Once snack time was finished, the kids gathered into a bunch on the floor and Ethan and I told them all about Ellie. When Ethan found out that he was supposed to bring pictures for his birthday, he really wanted to bring one of he and Ellie together. Because Ellie was bald, I knew that it would bring up some questions, plus I knew that Ethan was liable to blurt out "that's my sister and she's dead." Weeks ago, Mrs. Stevens and I had talked about me coming to the class and telling them about Ellie, but we hadn't set anything up. This was the perfect opportunity to share the story. Ethan was so proud to be able to tell his friends all about his sister. I started it out by showing them the picture, and asking if they noticed something "different" about Ethan's sister. One little boy said "yeah, she's bald just like Ethan." I thought that was so sweet - Ethan's baldness was normal to this class, and his sister was just like him, not the other way around. I was able to tell the class how Ethan wanted to shave his head so that Ellie would not feel badly about losing her hair. Then we talked about cancer and why she lost her hair. Together, Mrs. Stevens and I answered questions about cancer and death, and Ethan interjected his own comments from time to time. The kids were great. They had all kinds of wonderful questions, from how she died to how we found out she was sick. At one point there was quite a lively rabbit trail about pirates and eye patches once they learned that Ellie was blind in one eye. (Of course they needed to find out if that eye still looked and moved like the one that could see.) A couple of the kids got distracted with the location of one's heart, after Mrs. Stevens talked about how we carry love and memories in our hearts after a person has died. The whole experience was delightful in every way. We sent home a handout from Ellie's memorial service and a letter for their parents explaining what we talked about. (I could just imagine the parent's reactions when their children came home saying "Ethan's sister died!")

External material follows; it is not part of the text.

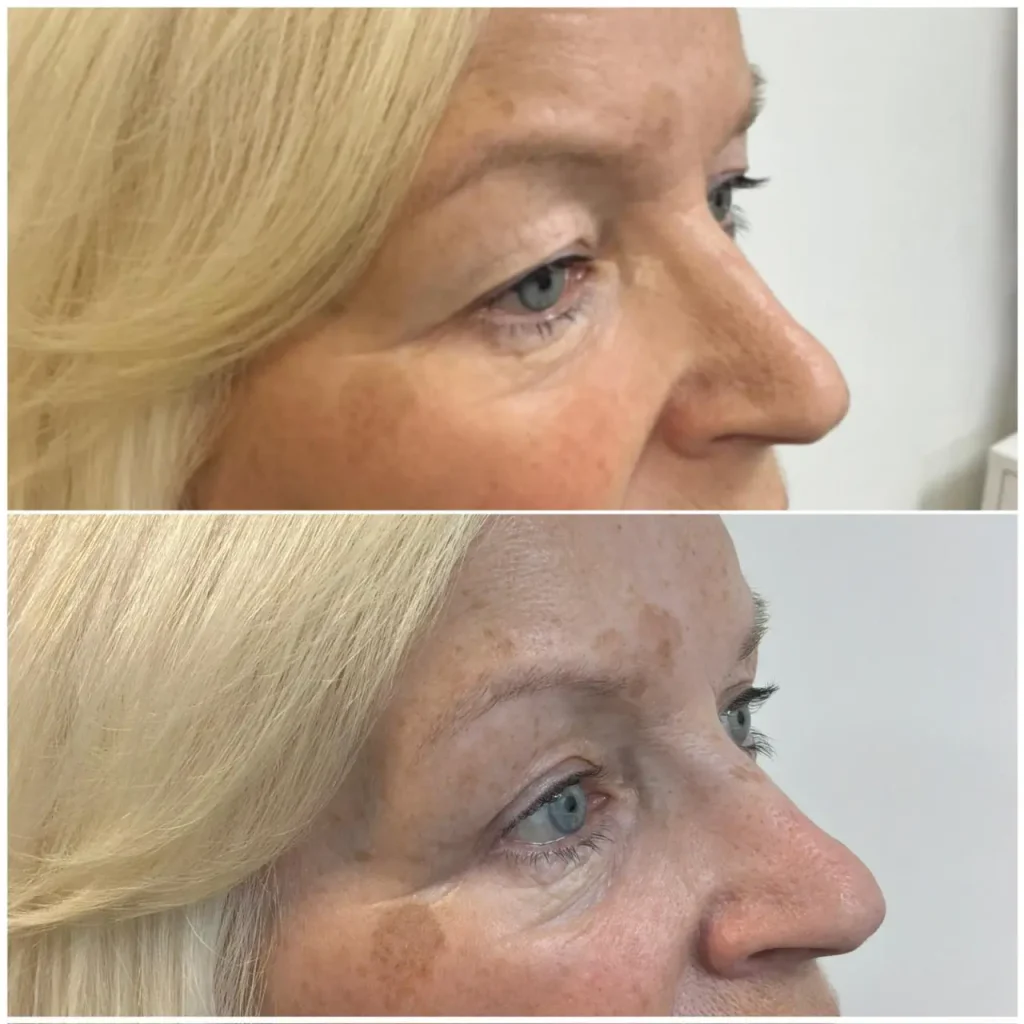 blepharoplasty upper eyelid correction results 05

Loretta came with me to the school and was able to sit in class and watch the fun. We had such a great time getting to observe Ethan in his classroom and get a glimpse of how his days are spent at school. We came away with two very strong feelings: Mrs. Stevens is a saint; and teachers, particularly kindergarten teachers, are WAY underpaid. May I just say, "God bless them, every one!"

I will have many more birthday stories to share after tomorrow. Thank you so much for taking Ethan into your hearts! The surest way to a mother's heart is when you love her little ones.